Shashank Srivastava is acting chief executive officer at the QFC Authority
Naim Abou-Jaoudé, chief executive, Dexia Asset Management
Alain Dubois, chairman, Lyxor Asset Management
Philippe Marchessaux, chief executive, BNP Paribas Investment Partners
Yves Perrier, chief executive, Amundi Asset Management
Joseph Pinto, global head of markets and investment strategy, Axa Investment Managers
Pierre Servant, chief executive, Natixis Global Asset Management
Shashank Srivastava, acting chief executive, Qatar Financial Centre Authority
Funds Europe: How have the perceptions of institutional clients towards their asset managers changed in terms of brand, reputation and risk management in recent years? And has this affected their approach to the selection of investment providers?

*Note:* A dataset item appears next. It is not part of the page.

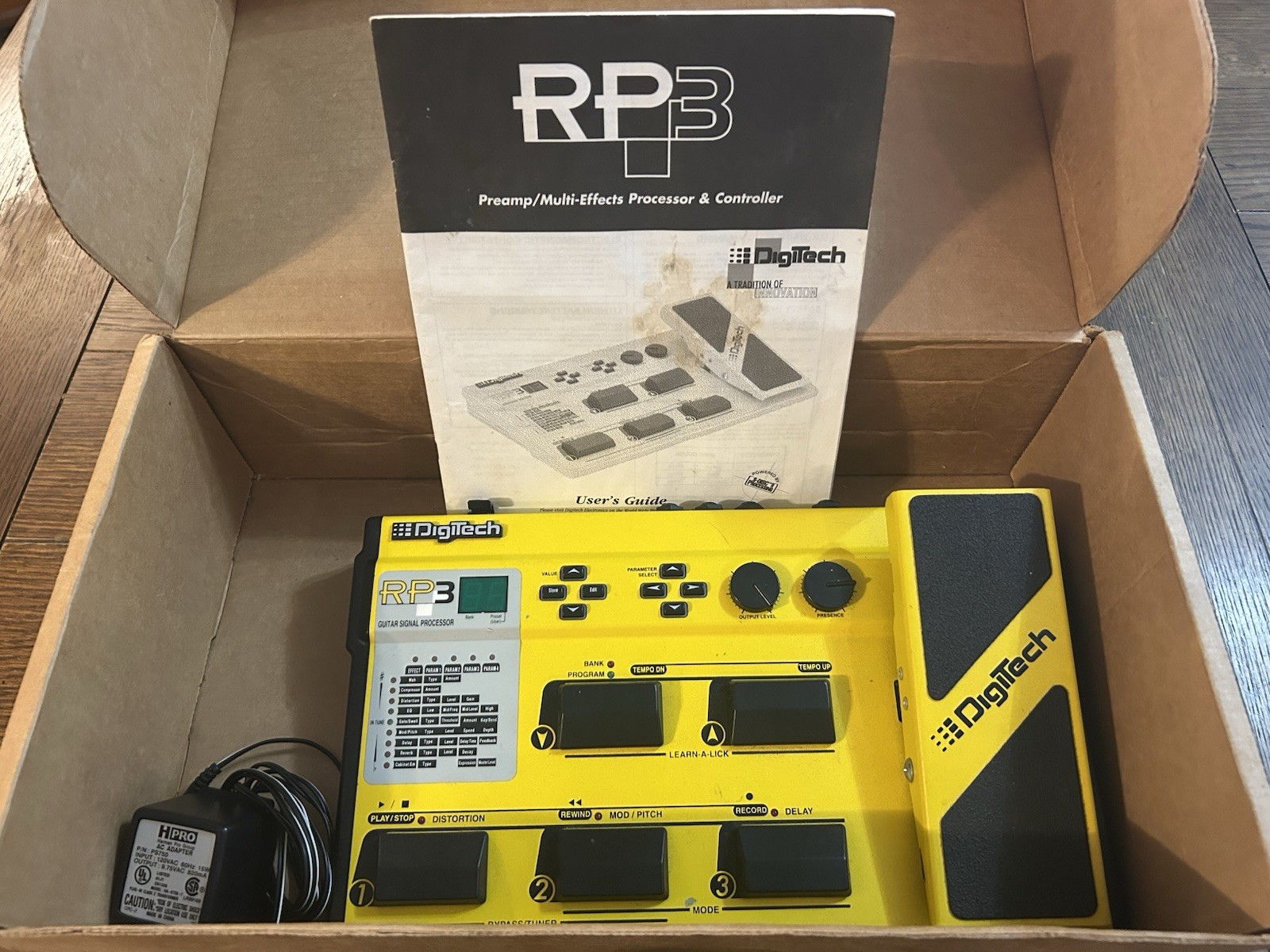 Digitech RP-3 Multi-Effect Pedal Guitar Signal Processor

Pinto: We recently ran a study focusing on how large distributors and multi-managers select their asset managers and how these criteria have evolved over time. It clearly shows the rising importance of brand as a business driver. Whereas during the market growth period until 2007, the main criteria for large distributors was all about quality of products and investment teams.

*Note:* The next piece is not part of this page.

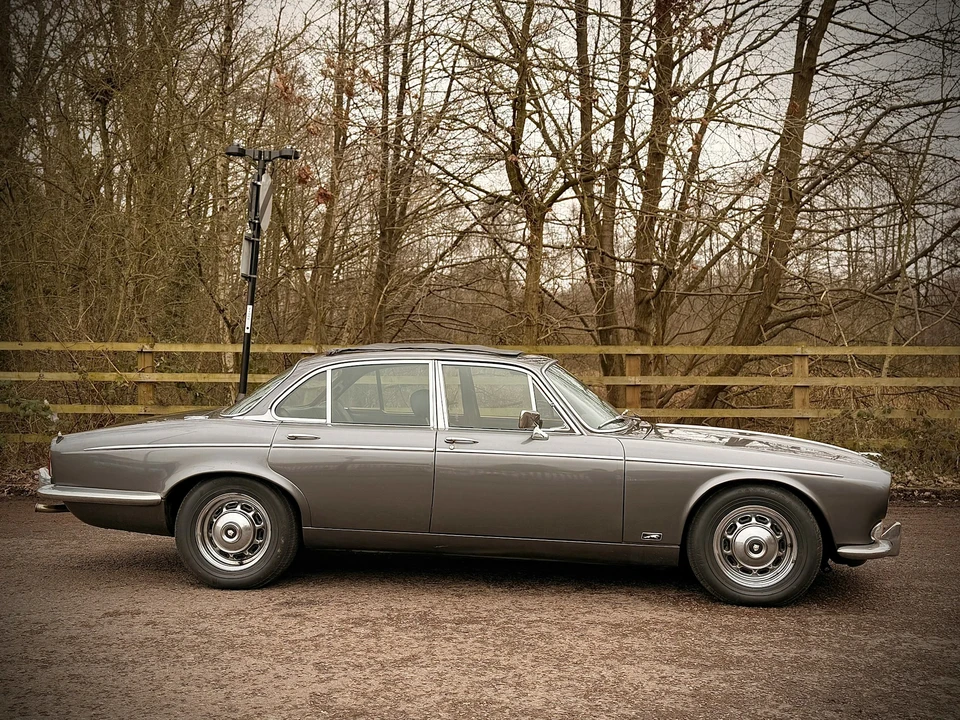 1973 Jaguar XJ Series 1 - Image 4 of 21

Clearly, the crisis increased the importance of brand. This will probably last as long as the climate of uncertainty we are living in remains.
Servant: What strikes me is that it’s more difficult today to be small and new. It’s better to be a significant size and have a long track record. There is a value in history, which was less the case before the crisis, when innovation and new products were in demand. People are looking for reputation, track record, stability of the management team, risk management and monitoring capacity.
Perrier: When we created Amundi, our size was an advantage. If clients choose a big asset manager, they feel they are limiting their risk. As an asset manager, you need to invest a lot in risk control tools, in people, and in risk managers who have the same level of expertise as your investment managers. You need a lot of money to be at a high level.
Abou-Jaoudé: One result of this is that clients are limiting the number of asset managers they want to work with, to allow them to do a deep due diligence of each one. On our side, we are responding by investing more in proximity, responsiveness, transparency. It’s a two-way change in the perceptions of both clients and asset managers.
Srivistava: On the other hand, I was with Association Française de la Gestion Financière, the French fund association, and their statistics showed there had been a proliferation of new managers, which is an interesting trend.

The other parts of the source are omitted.